Maybe, though, it's not about the words sounding more significant. If we are going to be honest with ourselves, aren't there times that we wish it were just the right word? I mean, don't we just sit back – sometimes – and hope that the words we hear will magically change something within us? We hope that this book we read will transform our lives in a tangible way. We pray that we might hear a word from someone that would make our living – especially our living the life of faith – easier.

Unfortunately, that's not the way it works, is it? That sermon we loved can only change us if we put the words to use in our lives. That book is only going to help us as long as we are willing to let our behaviors truly be affected by it. That piece of advice is only going to help us if we put in some effort.

In short, it's not about how significant the words seem, it's how willing we are to put in the work to allow the words to change who we are.
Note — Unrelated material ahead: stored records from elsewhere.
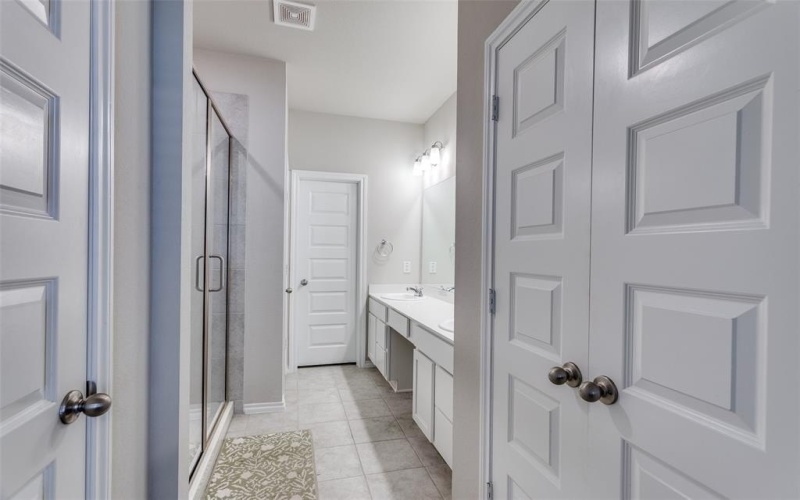 2944 Dixondale Drive, Fort Worth, TX 76108, 4 Bedrooms Bedrooms, ,2 BathroomsBathrooms,Residential,For Sale,2944 Dixondale Drive,20947024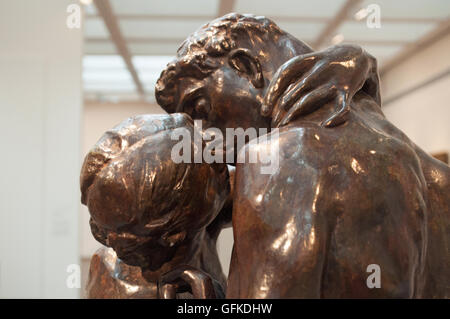 Jérusalem, Musée d'Israël : Détail de la baiser une statue de bronze réalisée en 1886 par l'artiste Français Auguste Rodin (1840-1917) Banque D'Images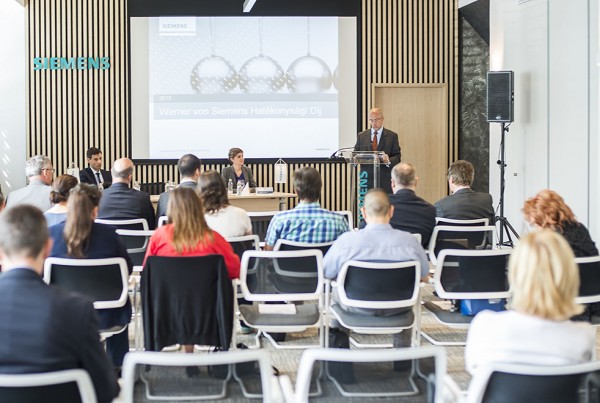 Siemens Zrt_Sajtotajekoztato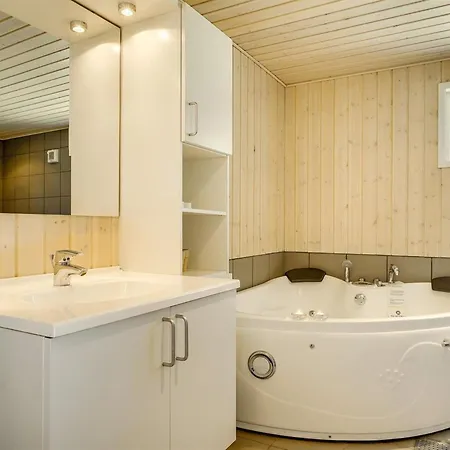 Dix - 900m From The Sea By Interhome Semesterbostad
For example, arguably, the first sermon in Christian history was given shortly after Jesus' words here. One of the criminals being punished alongside Jesus feels so stirred by the events taking place – and Jesus' show of forgiveness – that he decides he needs to speak up. Can you imagine? He has the option of just ignoring the goings on and slowly allow his life to end. However, he speaks up.

“Don't you fear God? We have done our crimes and are now suffering their consequences. This man, however, has done nothing wrong. Remember me when you come into your kingdom.”

Don't we all wish sermons were that short?

In the darkest and most challenging time of his life, this criminal allows Jesus' words to change him. For our lives to be similarly changed, we must be willing to put in the effort to change because of the words.

There are no magic words. The magic happens when it is words that spur us into action.

Jesus may not have said them. I think we need to allow for that possibility. What we don't have to allow for is that these words aren't amazing.

There's really not much more to say about them. They speak for themselves. They aren't the only of Jesus last words from the cross, but they are certainly important for us to hear.

And thanks be to God for our hearing them.